DATA Start Marker

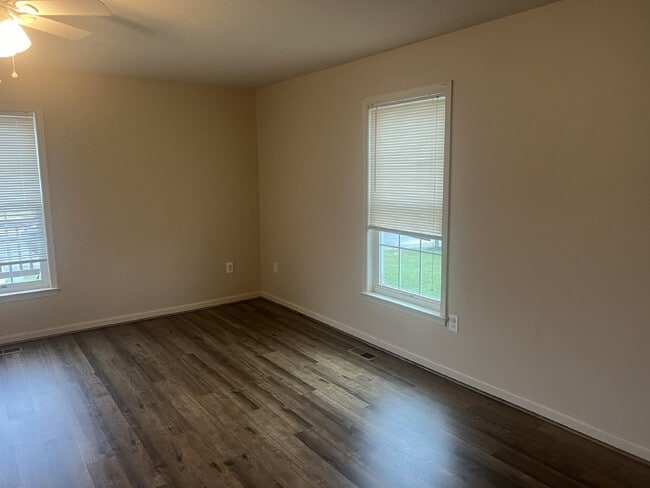 Building Photo - Spacious End-Unit Townhouse with 3 Beds, 3...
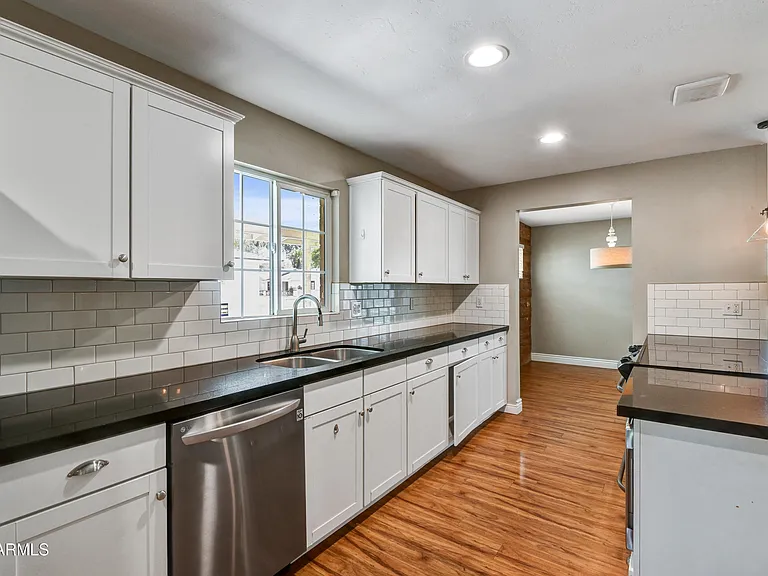 4652 E Vernon Ave — Photo 6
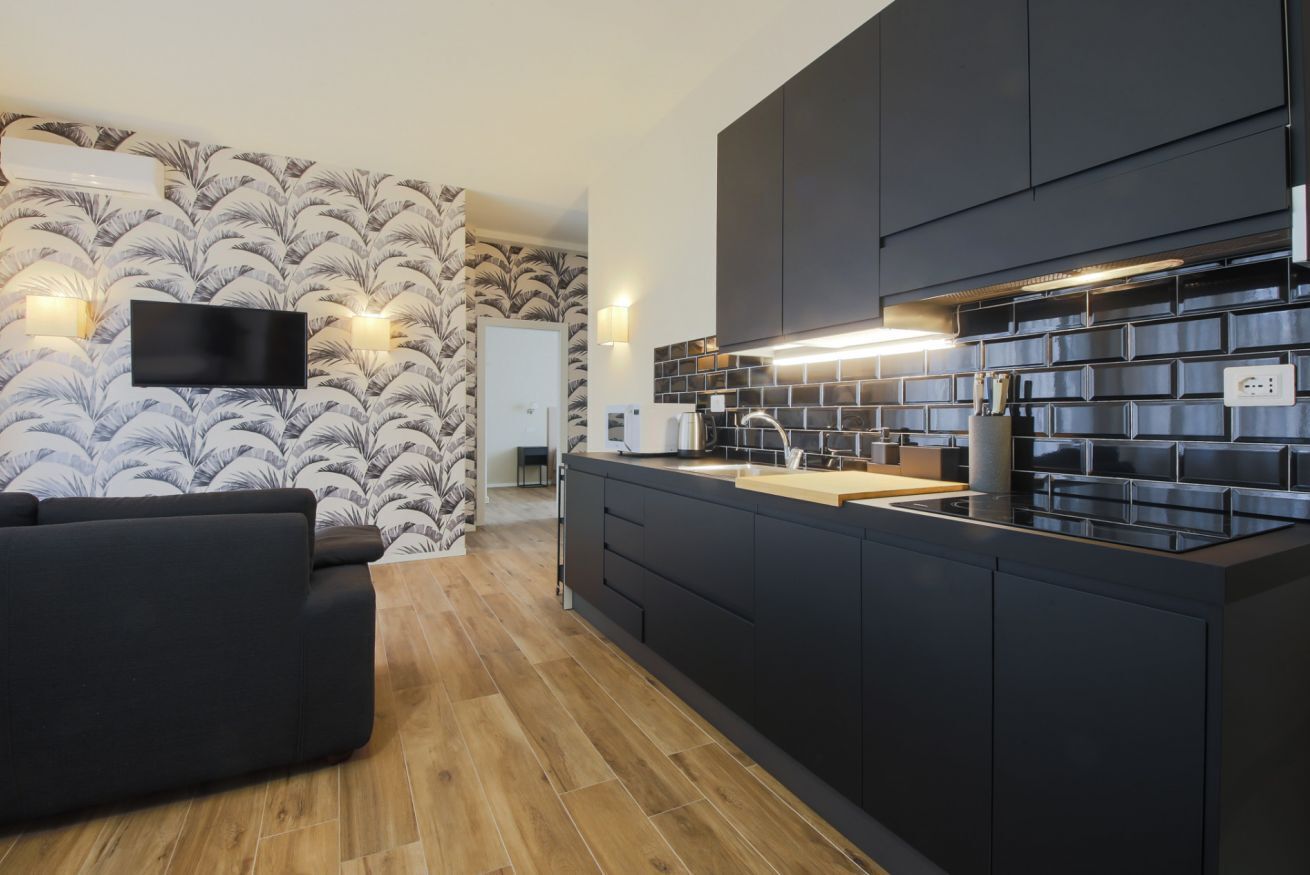 Een koelkast, een magnetron, een kookplaat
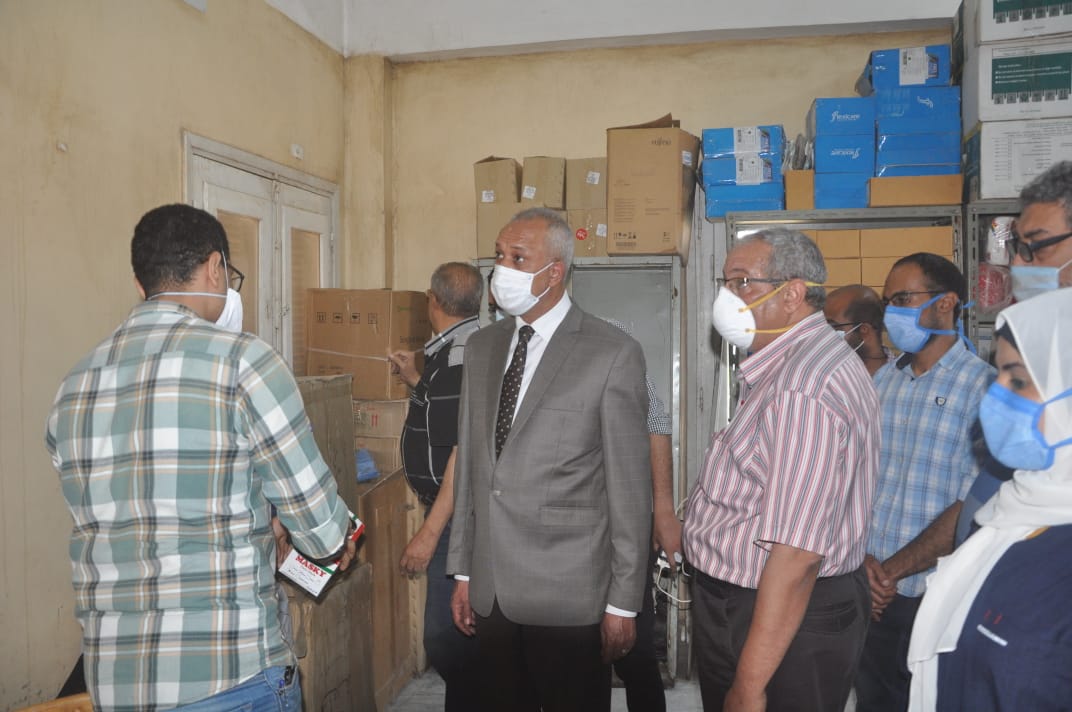 السكرتير العام خلال زيارته الميدانية للمستشفى  (5)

DATA End Marker

▶ INSTRUCTIONS TO FOLLOW: Beginning at the line that contains "4652 E Vernon Ave — Photo 6" and ending at the last line of the data, return each line exactly; no picture belongs in the copy.

▶ COMPLETED TASK:
 4652 E Vernon Ave — Photo 6
 Een koelkast, een magnetron, een kookplaat
 السكرتير العام خلال زيارته الميدانية للمستشفى  (5)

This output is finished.